# Supplied data
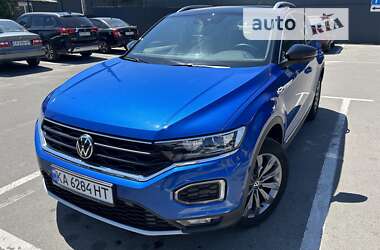 Volkswagen T-Roc 2021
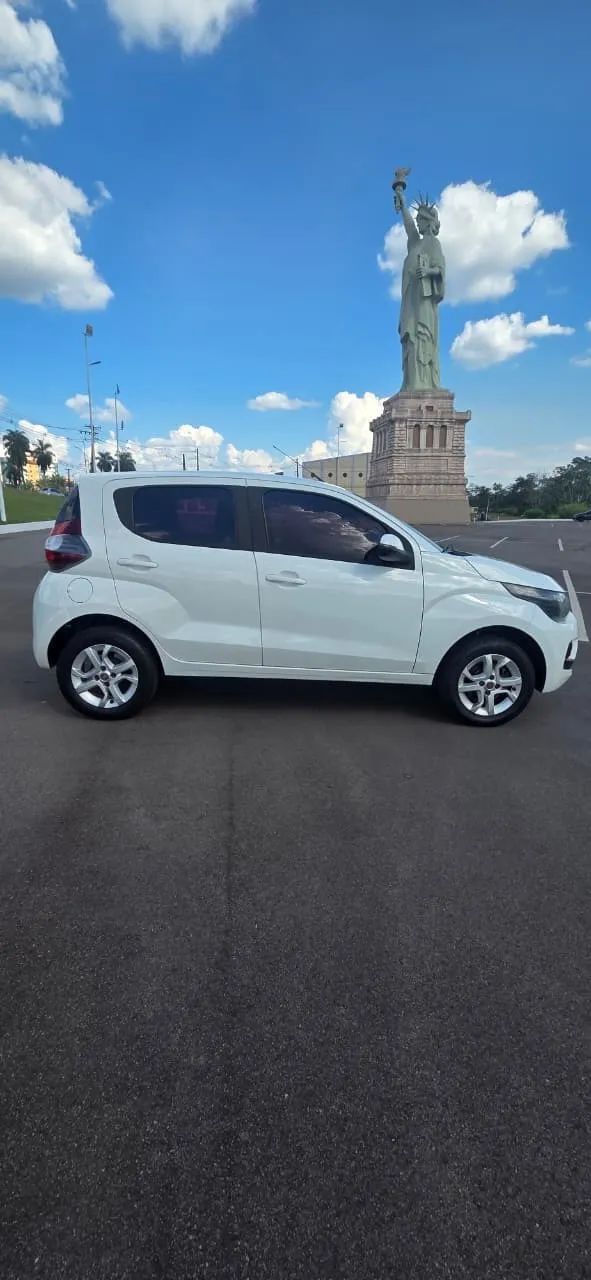 Fiat Mobi Like ON 1.0 Fire Flex 5P. 2017 - Foto 2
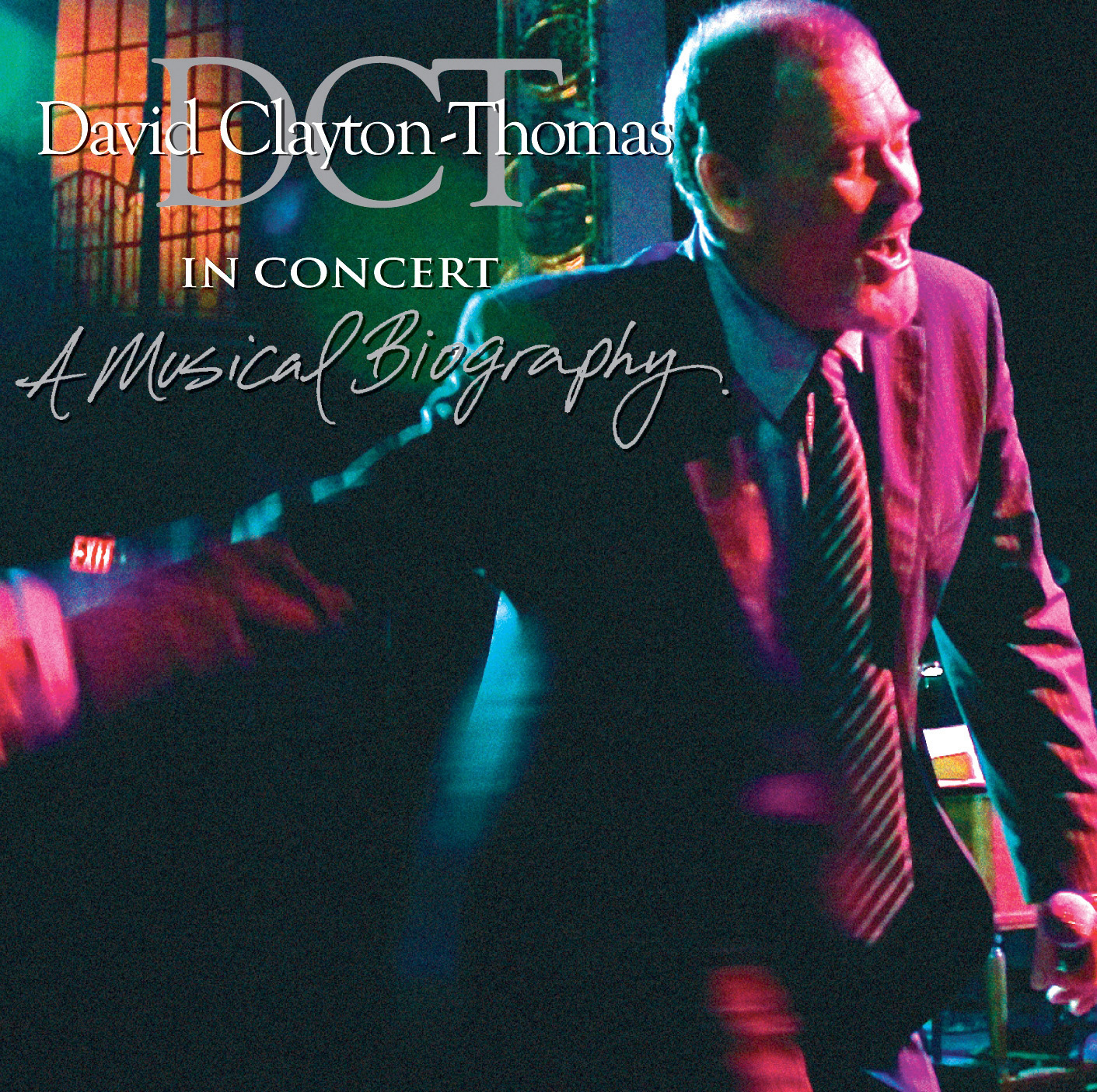 In Concert: A Musical Biography Cover In Concert: A Musical Biography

# What is required
Please write out every line of the listing above exactly, and leave the images behind.

# Written reply
 Volkswagen T-Roc 2021
 Fiat Mobi Like ON 1.0 Fire Flex 5P. 2017 - Foto 2
 In Concert: A Musical Biography Cover In Concert: A Musical Biography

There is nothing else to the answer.